As can be seen from Tables 5 and 6, the subjective selection of \(p\) and \(q\) will affect the priority of each alternative. Overall, the best scheme is basically \(A_{4}\), and the ranking results of \(A_{1}\) and \(A_{2}\) change only when \(p = 0.5\), \(q = 1\). On the whole, the rankings of all alternatives gradually become stable with the increase of \(p\) and \(q\). Therefore, in the decision-making process of multi-attribute problems, decision-makers can consider taking \(p\) and \(q\) as values greater than 1 to ensure the stability of decision results.
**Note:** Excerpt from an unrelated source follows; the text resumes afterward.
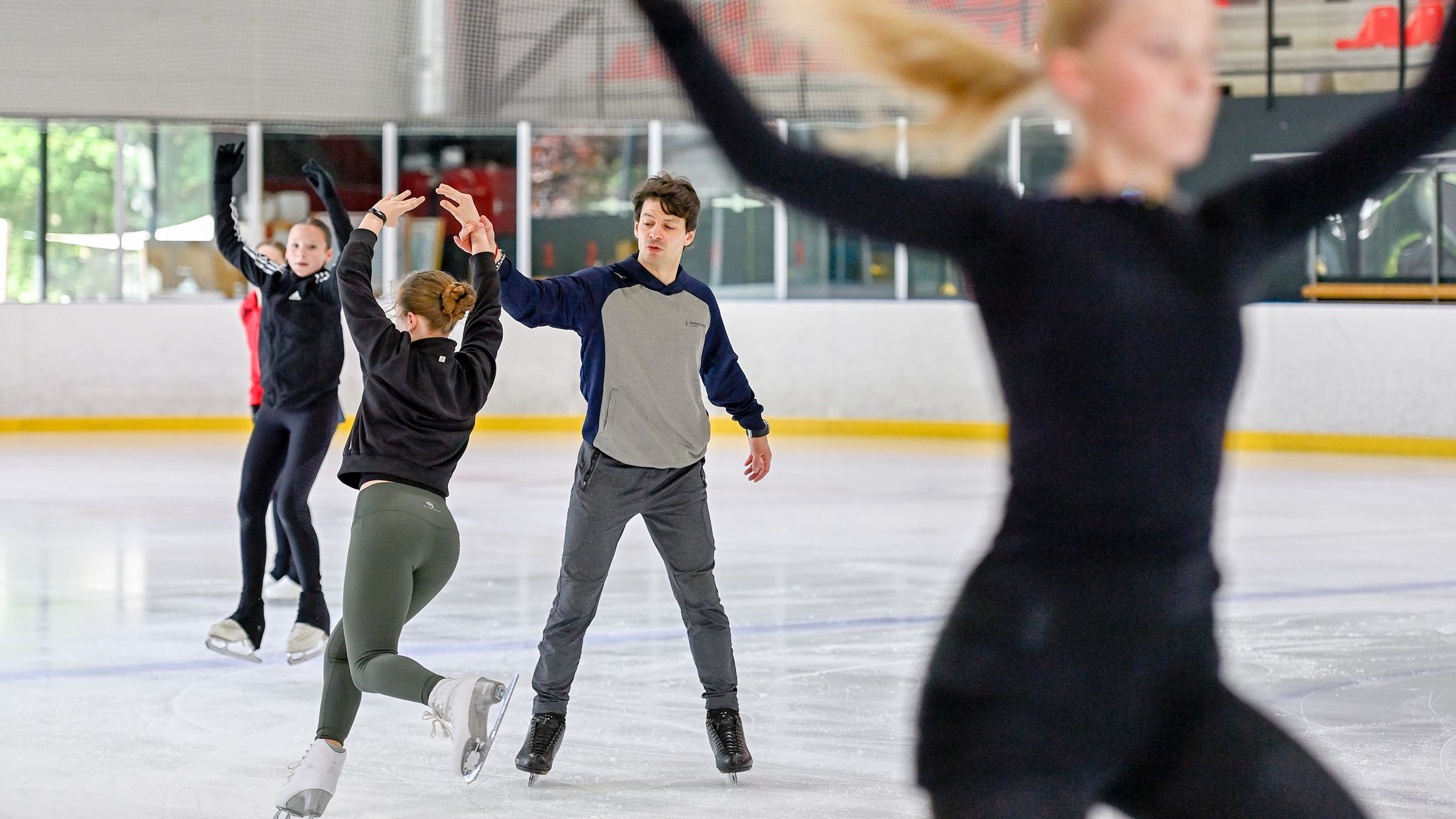 A coach demonstrating an arm position to skaters training on the ice at the Palladium de Champéry.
Throughout the entire information aggregation process, FFWPBM operator constructed in this paper not only fully considers the possible correlation between attributes and the inherent connection between support degrees, but also improves the accuracy of the decision-making results on the whole, effectively avoiding decision risks and errors.

Table 5 Aggregation results of FFWPBM operators (when p and q are not equal)
Table 6 Sorting results of each scheme of FFWPBM operator (when p, q are not equal)
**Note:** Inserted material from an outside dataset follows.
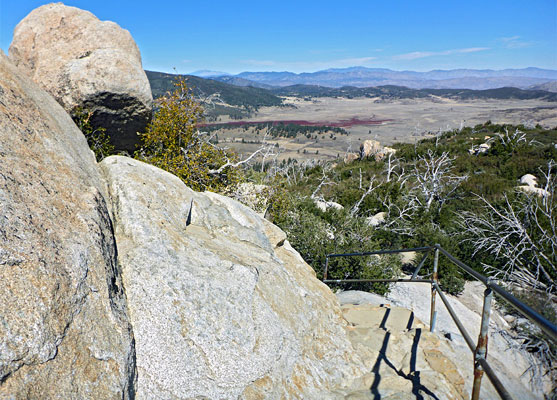 Railings and slickrock at the summit of Stonewall Peak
In conclusion, decision-makers can use FFWPBM operator in multi-attribute decision-making process and adjust the values of parameter \(p\) and \(q\) according to preferences, so as to improve the objectivity, fairness, and accuracy of decision results. The comparison of final score value is shown in Fig. 1.

Fig. 1
figure 1

Comparison of final score values

6 Conclusion

Multi-attribute decision-making (MADM) is a method of choosing the best option from a group of options based on a number of different criteria or qualities. Decisions in many real-world circumstances are not based on a single criterion but rather on a number of aspects that must be considered concurrently. This process is facilitated by MADM approaches, which offer a methodical way to come to well-informed conclusions. In this paper, we have developed the Fermatean fuzzy sets (FFSs) on the basis of the combination of PA operators and BM operator to deal with imprecise and uncertain information in decision-making. Then we introduce some basic concepts and operational rules of FFSs. In addition, motivated by the ideal of the PBM operator, we propose two kinds of Fermatean fuzzy aggregation operators, namely Fermatean fuzzy power Bonferroni mean (FFPBM) operator and Fermatean fuzzy weighted power Bonferroni mean (FFWPBM) operator, and investigate their properties such as idempotency, permutation, and boundedness. They can not only enable decision-makers to consider the possible interaction between different attributes when making multi-attribute group decisions, but also grasp the balance of data by calculating the support degree, thus improving the accuracy of prediction as a whole. Then we utilize these operators to develop an approach to solve MADM problems under FFS environment. Also, we proposed an algorithm to solve the MADM problems by means of FFWPBM operators. Finally, a numerical example is given to verify the developed approach and to demonstrate whether it is feasible and practical. The results corresponding to the method have been compared with different values of parameter and found that the proposed approach is stable in nature.

In further research, we may apply these operators in the field of other domains and try to combine FFSs with other types of aggregation operators such as the Dombi operator and Hamacher operator.